Either way you lose and I win...TT


----------



## UberLuxbod (Sep 2, 2014)

Why does UberPissed say in his next post he is turning in the phone?

But still do "it" periodically.

The "it" I can only assume is Ubering.

So is UberPissed actually leaving or just giving back the Uber Phone and going BYOD?


----------



## UberPissed (Aug 13, 2014)

I turned in my phone in November. I had trip down state, and thought I would turn on the driver app on my personal BYOD phone and see where it got me. Hadn't driven for about 3-4 months.


----------



## Raider (Jul 25, 2014)

Good luck brother...I hardly drive now, just weekends when it's surging..and I just cancel or just sit there till pax cancel if it's non surge and too far away...sucks that I can't even milk the guarantees anymore because when I'm hiding in the suburbs I would get pings 20 minutes away, nobody drives in the burbs anymore if they are they are ******ed


----------



## UberPissed (Aug 13, 2014)

The good thing about Chicago is that it is always surging (see pic) and I usually would get a ping within 20-30 seconds of turning it on.


----------



## Raider (Jul 25, 2014)

I don't like surging..it pisses off the customers and there's no consistency in it, most of the time u don't get a ping or u get a ping that's outside the surge zone...give me a fair rate of $3 base. $1.75 a mile and 40 cents a minute and I'll uber full time. At those rates u can make a decent living


----------



## uberdriver123 (Oct 8, 2014)

I thought they deactivate you if you don't drive for more than a month.


----------



## UberHammer (Dec 5, 2014)

uberdriver123 said:


> I thought they deactivate you if you don't drive for more than a month.
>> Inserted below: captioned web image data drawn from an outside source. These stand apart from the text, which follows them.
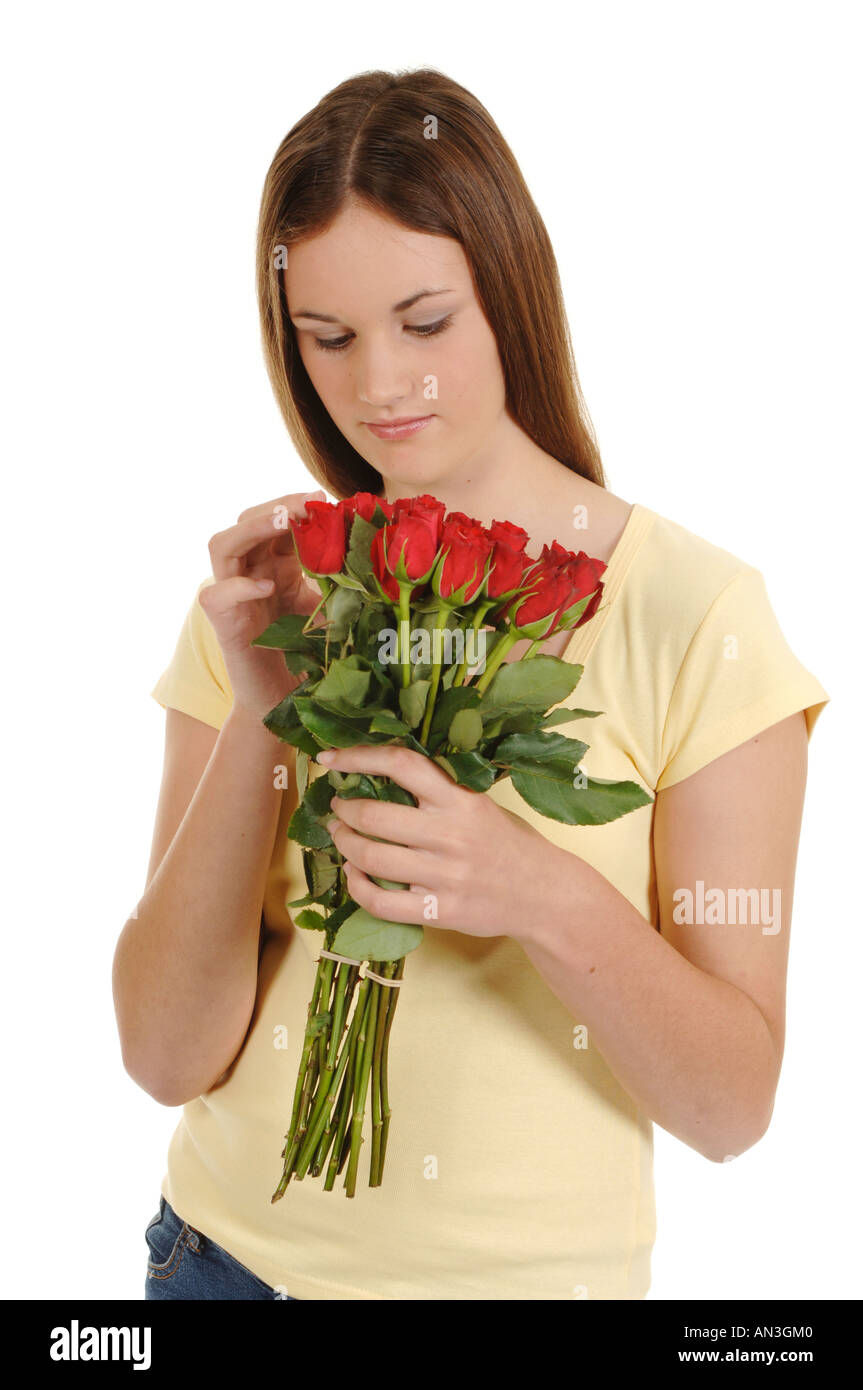 a teenage girl with a bunch of red roses smelling them Stock Photo - Alamy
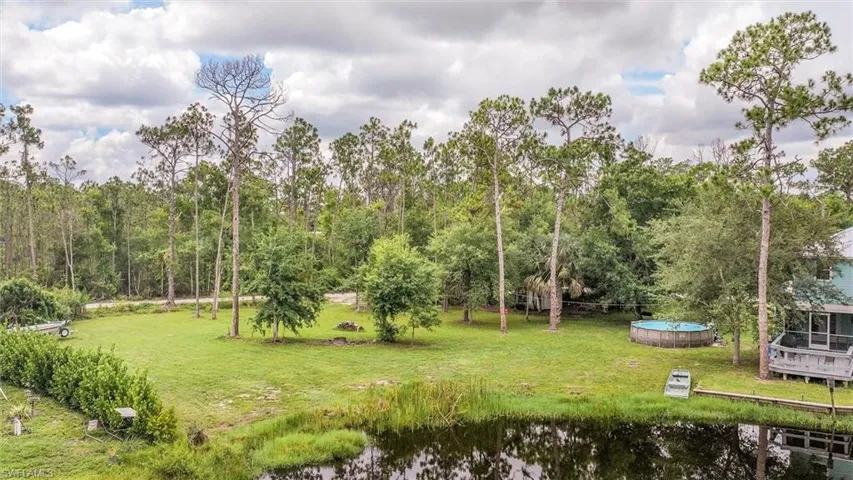 View of grassy yard featuring a water view and an outdoor pool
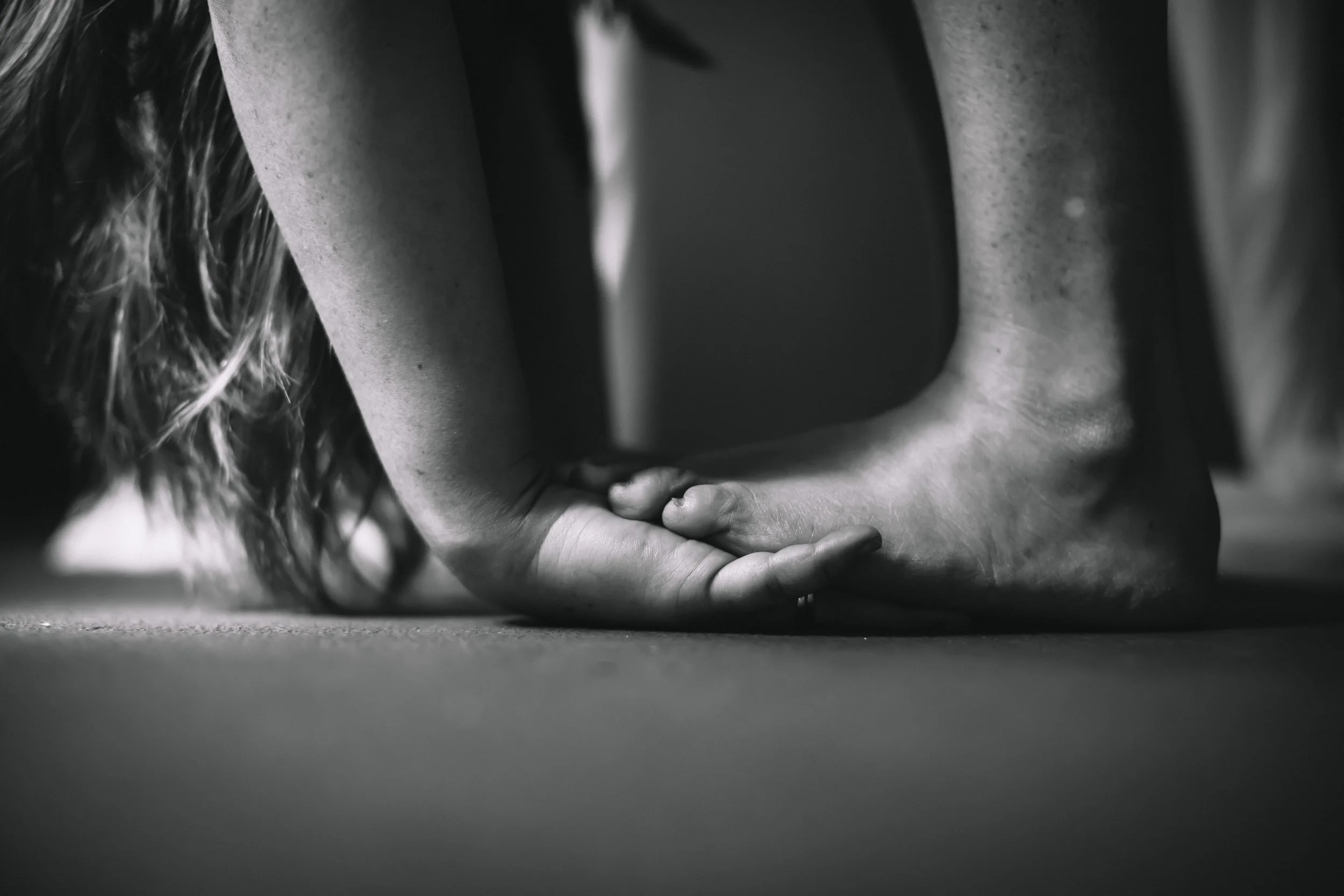 Abstract black and white fine art detail portrait of hands and feet, artistic photography by Emily Scott, Lowcountry SC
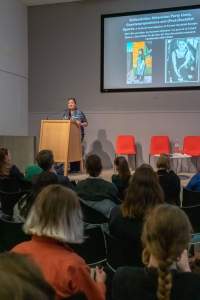 Nearly full lecture room. On stage, a person stands behind a podium. There is slide being projected behind them. It has a text, a painting and a photograph in black-and-white.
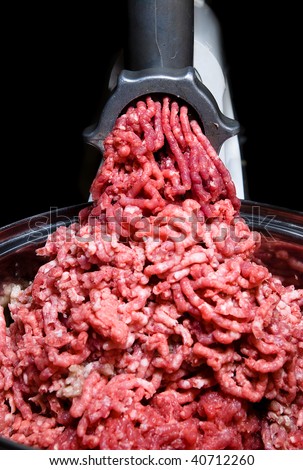 Meat through a meat grinder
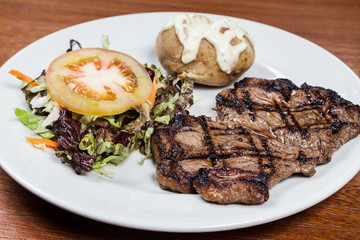 Roast beef steak with potato and salad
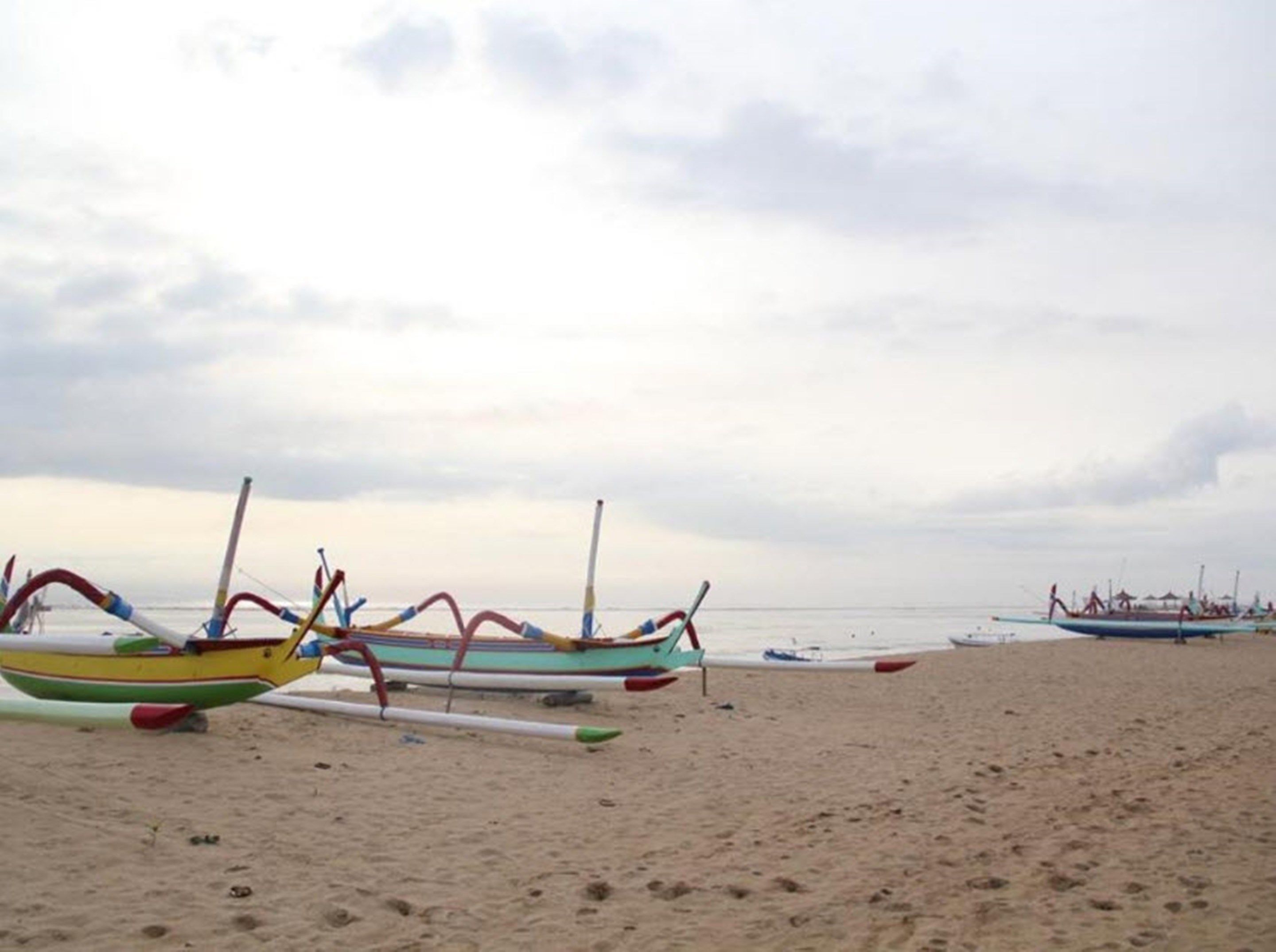 A beach with several colorful boats parked on the sand.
Yes, but it's not actively checked. Six months from now someone might go through and deactivate all drivers who haven't taken a trip in the past 30 days.... or someone might do it tonight. It doesn't happen to you on exactly one month since your last trip.


----------



## Bob Smith (Jan 11, 2015)

when you're deactivated can you still log on to your account for tax purposes?


----------



## DjTim (Oct 18, 2014)

uberdriver123 said:


> I thought they deactivate you if you don't drive for more than a month.


I haven't driven since January 2nd for Uber, Lyft or Sidecar. I'm active on all three platforms.


----------



## xtree78 (Nov 6, 2014)

It's 180 days before they deactivate. I have not logged on since Jan 9 and still active.


----------